Plaintiffs argue — and the Majority adopts — the proposition that defendants created a misleading impression of these policies by not revealing their potential downsides. This aspect, as that syllogism sets the stage for the future, helps to drive the General Business Law § 349 claims in these cases. My simple answer' is that the entire insurance industry, by its nature, insures many things. But to derive an insurance obligation out of this new “pros and cons” balancing technique is a far-reaching concept and legal responsibility, bound to confound any rate or risk underwriter. Risk projections and re-allocation on this basis constitute a major shift for any type of sales-oriented business. By court decree instead of market forces they must, when emphasizing the positive aspects of their policies or products, also provide minimizing features and negatives (contrast, Fischel and Stillman, op. cit., at 15).
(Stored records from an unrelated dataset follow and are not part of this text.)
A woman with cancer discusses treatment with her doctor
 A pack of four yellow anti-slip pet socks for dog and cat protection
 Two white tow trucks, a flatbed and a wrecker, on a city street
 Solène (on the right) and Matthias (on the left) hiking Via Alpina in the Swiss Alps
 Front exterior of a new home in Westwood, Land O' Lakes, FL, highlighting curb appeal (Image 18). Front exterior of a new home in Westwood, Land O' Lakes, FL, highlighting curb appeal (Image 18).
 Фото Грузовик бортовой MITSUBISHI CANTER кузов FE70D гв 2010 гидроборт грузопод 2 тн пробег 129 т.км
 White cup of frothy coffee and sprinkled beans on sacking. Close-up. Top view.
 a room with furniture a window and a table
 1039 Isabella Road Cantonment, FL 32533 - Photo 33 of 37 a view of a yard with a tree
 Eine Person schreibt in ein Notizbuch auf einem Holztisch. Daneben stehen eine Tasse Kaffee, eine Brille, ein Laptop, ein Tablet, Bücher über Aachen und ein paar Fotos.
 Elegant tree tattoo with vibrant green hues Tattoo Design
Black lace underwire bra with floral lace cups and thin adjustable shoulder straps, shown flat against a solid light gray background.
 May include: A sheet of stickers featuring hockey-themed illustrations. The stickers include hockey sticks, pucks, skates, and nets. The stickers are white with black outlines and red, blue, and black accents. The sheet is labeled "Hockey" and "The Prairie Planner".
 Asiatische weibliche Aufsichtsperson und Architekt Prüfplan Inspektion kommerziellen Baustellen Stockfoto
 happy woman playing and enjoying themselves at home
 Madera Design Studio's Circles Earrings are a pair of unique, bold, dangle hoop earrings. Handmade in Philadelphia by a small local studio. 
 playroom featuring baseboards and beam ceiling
To hold, even in part, that giving a product its best sales “face,” even with some “puffery” and artfully spun advertising, is actionable under General Business Law § 349 pushes this consumer protection statute into uncharted and unintended territories. “Puffing” defenses — a seller’s claim that no reasonable person would believe some sales promotion to be literally true — should have some reasonable place in the General Business Law § 349 universe as to who bears the risk of the bargain (see generally, Pitofsky, Beyond Nader: Consumer Protection and the Regulation of Advertising, 90 Harv L Rev 661, 677). If not, this statute launches limitless liability.

Reasonable consumers acting reasonably recognize sales pitches and ordinarily discount them accordingly. In addition, to acknowledge that consumers understand that future interest rates will affect their future premium rates is reasonable and even respectful of individual intelligence, personal accountability and good common sense (see, Fischel and Stillman, op. cit., at 16).

Based on the records of these cases, I agree with the lower courts that plaintiffs failed to show that defendants engaged in materially misleading or deceptive acts or practices. The alleged representations made by defendants were not “likely to mislead a reasonable consumer acting reasonably” (Oswego Laborers’ Local 214 Pension Fund v Marine Midland Bank, supra, at 26). Prospective market forces predominantly control *358here, and a remedial rescue by statute or judicial gloss on a statute — after the economic facts inexorably unfold under their own power — ought not become the benevolent standard for shifting fault, reallocating risk and relieving individuals of some measure of reasonable responsibility and private accountability.

In sum, I would wholly affirm the orders of the Appellate Division in the actions entitled under Gaidon and Goshen. While I agree with the Majority rationale and result on plaintiffs’ common-law fraud claims, I respectfully dissent for the reasons given and conclude that plaintiffs have not propounded cognizable or triable General Business Law § 349 claims.

Chief Judge Kaye and Judges Levine, Ciparick and Wesley concur with Judge Rosenblatt; Judge Bellacosa dissents in part and votes to affirm in a separate opinion; Judge Smith taking no part.

In Gaidon v Guardian Life Ins. Co.: Order modified, etc.

In Goshen v Mutual Life Ins. Co.: Order modified, etc.